Assignment:
Retype, without changes, every line from the line that contains "Western blot analysis" through the final line of the records. Exclude pictures.
-*-
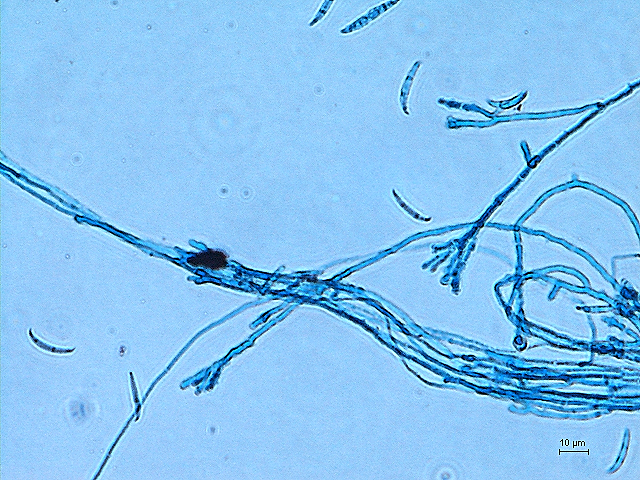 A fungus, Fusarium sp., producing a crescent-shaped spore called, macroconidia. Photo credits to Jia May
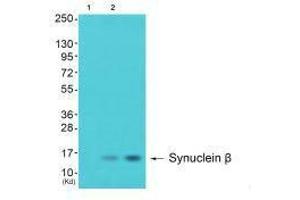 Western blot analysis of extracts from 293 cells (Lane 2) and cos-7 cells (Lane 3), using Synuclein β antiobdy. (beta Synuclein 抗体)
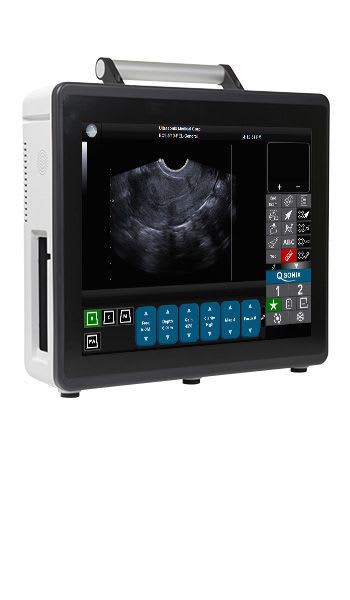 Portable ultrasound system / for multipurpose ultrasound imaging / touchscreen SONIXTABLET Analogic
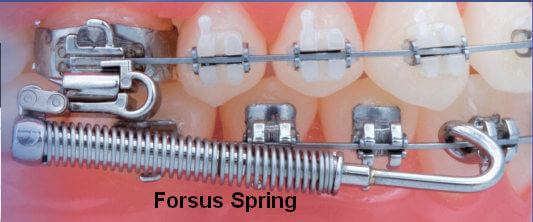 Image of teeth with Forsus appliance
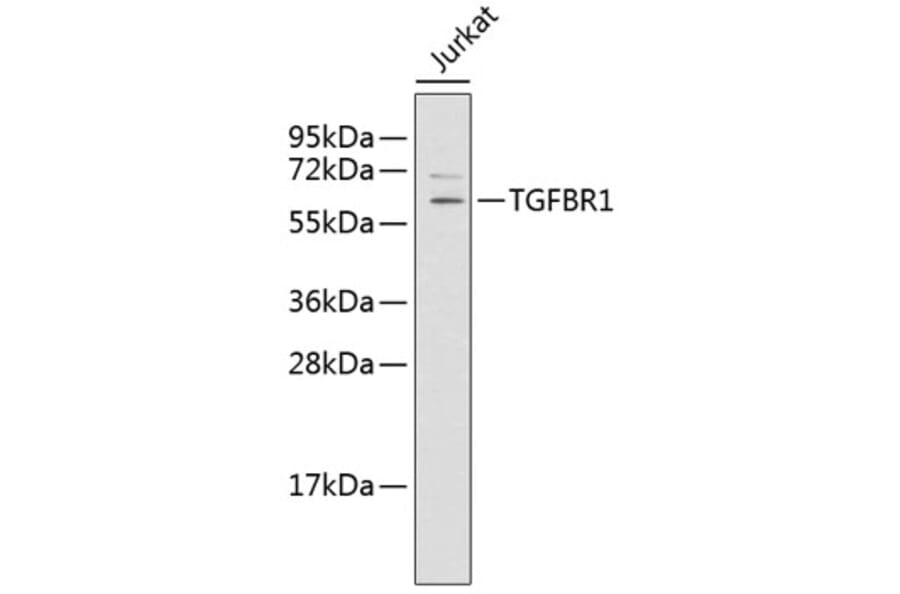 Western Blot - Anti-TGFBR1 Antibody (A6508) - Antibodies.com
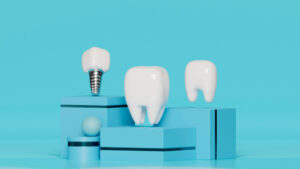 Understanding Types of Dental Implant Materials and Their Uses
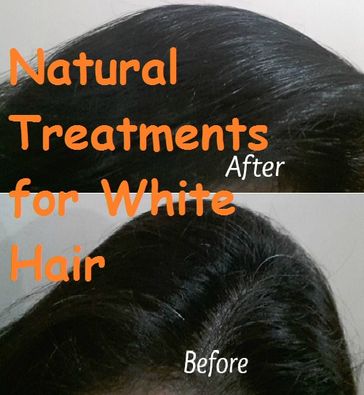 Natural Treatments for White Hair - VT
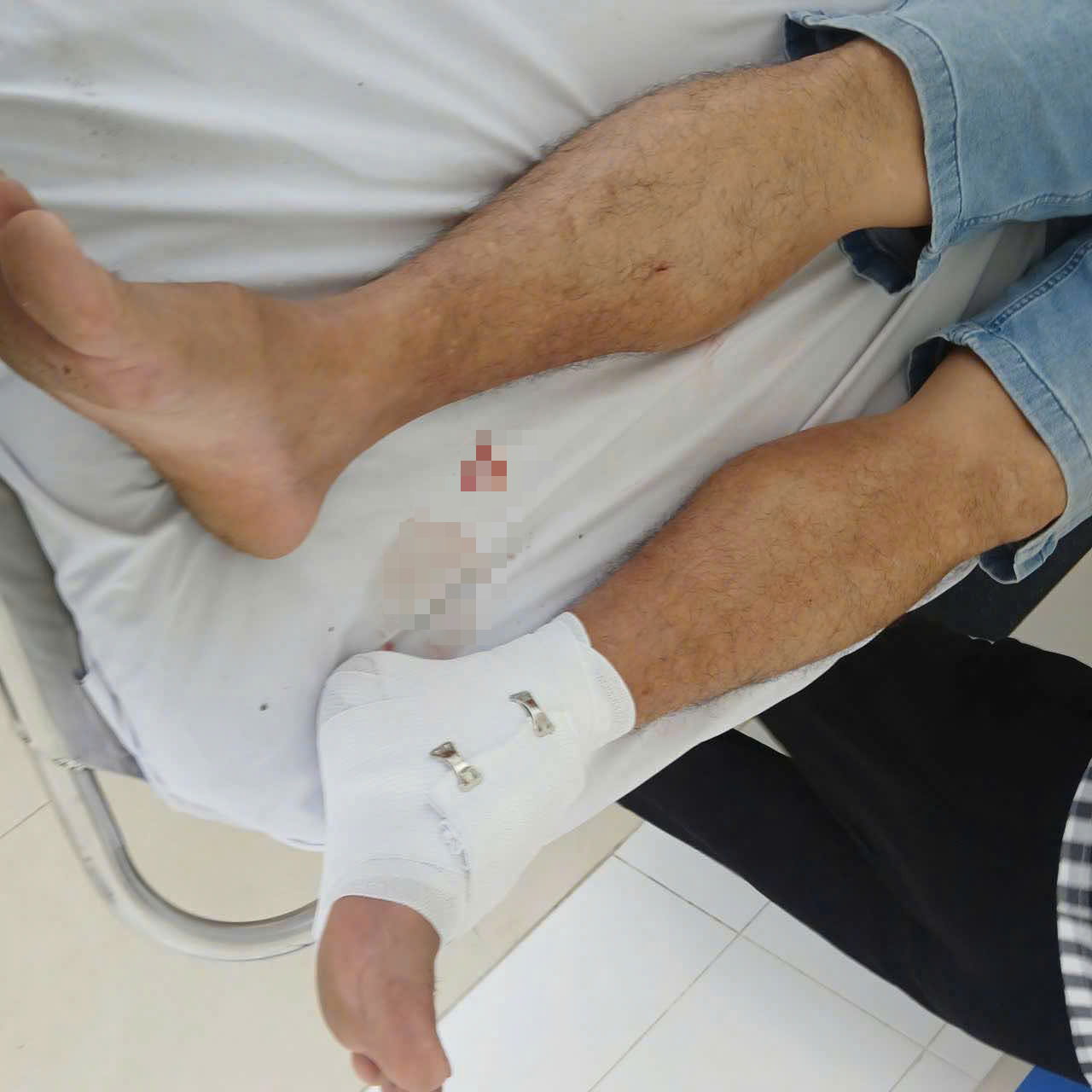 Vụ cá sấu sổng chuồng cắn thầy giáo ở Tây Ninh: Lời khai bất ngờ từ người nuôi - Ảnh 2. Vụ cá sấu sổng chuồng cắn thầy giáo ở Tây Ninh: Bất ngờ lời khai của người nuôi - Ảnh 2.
-*-
Reply:
 Western blot analysis of extracts from 293 cells (Lane 2) and cos-7 cells (Lane 3), using Synuclein β antiobdy. (beta Synuclein 抗体)
 Portable ultrasound system / for multipurpose ultrasound imaging / touchscreen SONIXTABLET Analogic
 Image of teeth with Forsus appliance
 Western Blot - Anti-TGFBR1 Antibody (A6508) - Antibodies.com
 Understanding Types of Dental Implant Materials and Their Uses
 Natural Treatments for White Hair - VT
 Vụ cá sấu sổng chuồng cắn thầy giáo ở Tây Ninh: Lời khai bất ngờ từ người nuôi - Ảnh 2. Vụ cá sấu sổng chuồng cắn thầy giáo ở Tây Ninh: Bất ngờ lời khai của người nuôi - Ảnh 2.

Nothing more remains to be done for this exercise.